Better dive into the ZFS and Boot Environments instead of UFS: http://forums.freebsd.org/showthread.php?t=31662



			
				jonfr said:
			
		

> On my server computer (also Gentoo Linux). I use Aiccu and radvd for IPv6 connection. I also use it as test server for mysql, web pages etc, when I need to do so. Other servers I run on it are dhcpd and dnsmasq for DNS resolving, Samba is also used to transfer files to the web server over the local LAN.



You should not have problems with setting-up these.



			
				jonfr said:
			
		

> But I am sure that I am missing something here. So anything that might be please let me know.
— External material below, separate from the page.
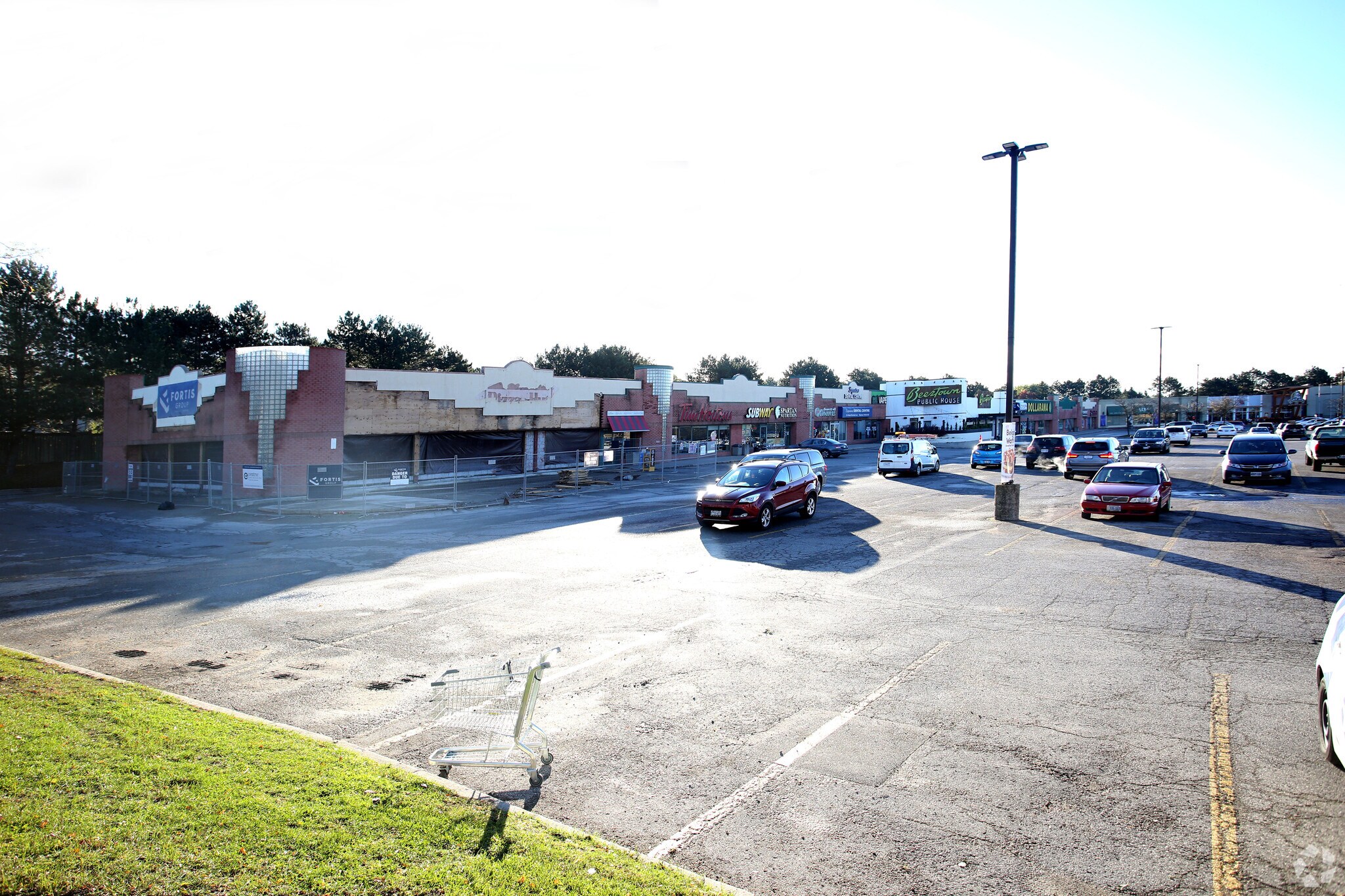 50 N Centre Rd, London, ON à vendre Photo principale- Image 1 de 1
Thanks for the help!



If you are comfortable with FreeBSD, then go ahead, start migrating your server to FreeBSD, then desktop, but if you feel, that there are several things/areas where you think you lack some experience/knowledge, pop a VirtualBox virtual machine and test more to be sure how things are/work. Using the specified _ZFS Madness_ HOWTO you can later move that virtual machine onto the physical host.


----------



## throAU (Jun 18, 2012)

You've got backup media right? 


Backup data to file on filesystem both can read (e.g., ZFS, with FUSE on Linux, or FAT, NTFS, network share, etc), then restore into new OS.

If nothing else it will be a good test of your disaster recovery method.
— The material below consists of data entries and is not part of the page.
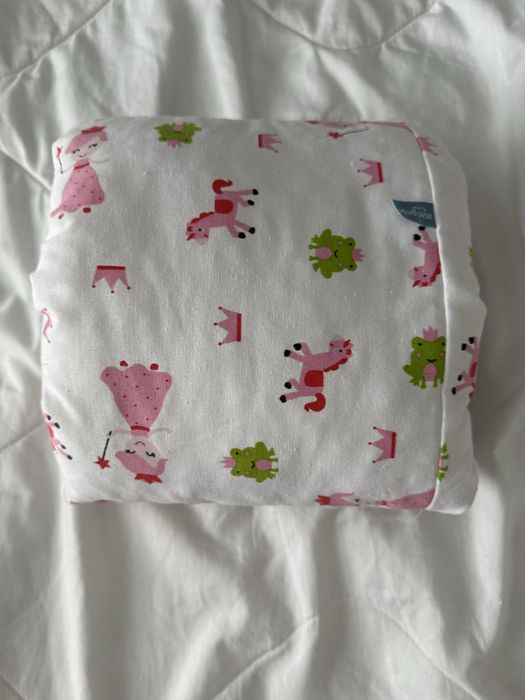 Възглавница за кърмене и против обръщане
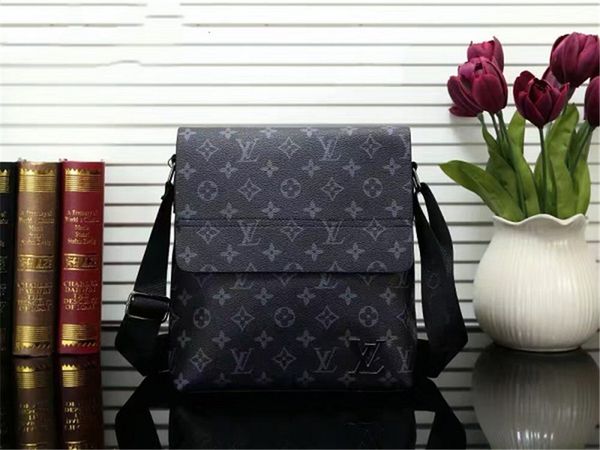 2020 international luxury designer designer custom fashion handbag high-end classic messenger handbag 4634
2020 international luxury designer designer custom fashion handbag high-end classic messenger handbag 4634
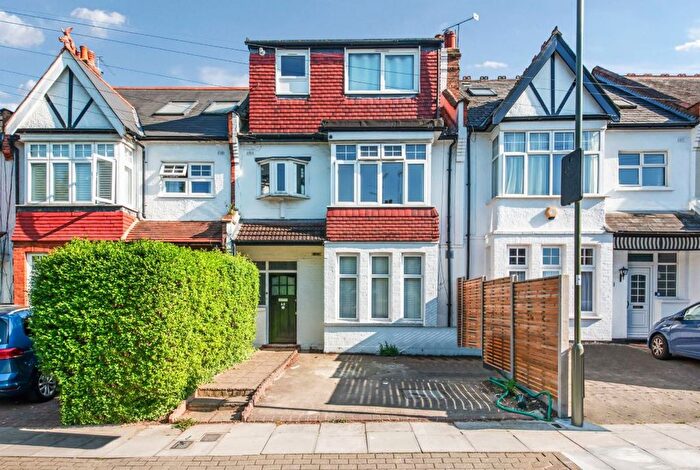 2 Bedroom Flat To Rent In Sutton Road, Muswell Hill, N10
Yes, backing up will be painful but seriously if you're not already doing it, there's no better time to start like the present.  Especially if you're trying to transition to a new OS; the unfamiliarity may well end up with you making a terrible mistake resulting and nuking your data.  It does happen.
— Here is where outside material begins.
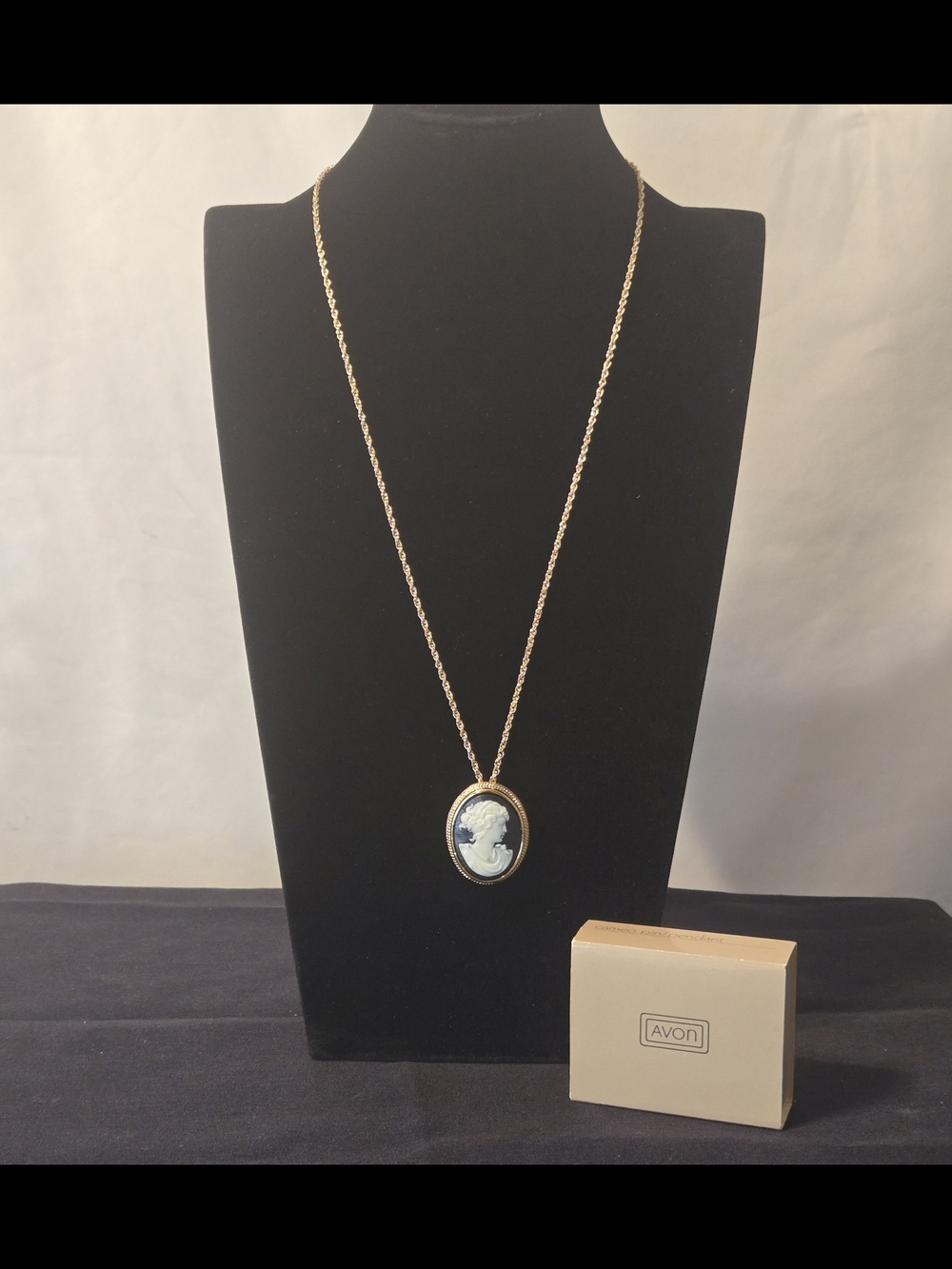 Vintage Cameo Necklace, brooch. 24" Chain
Also, I don't believe you will be able to convert an ext3 filesystem to a FreeBSD native format without a wipe and restore to that device.


----------



## tingo (Jun 21, 2012)

General answers:

migrate your data to a fileserver, including all your backups. Remember to have the backups in a format that you will be able to use on your new system (.tar.gz., .zip or whatever)
install FreeBSD on a new machine, use it as a temporary workstation - learn and get to know your way around FreeBSD.
when you are comfortable enough, decide on a migration plan and migrate.


----------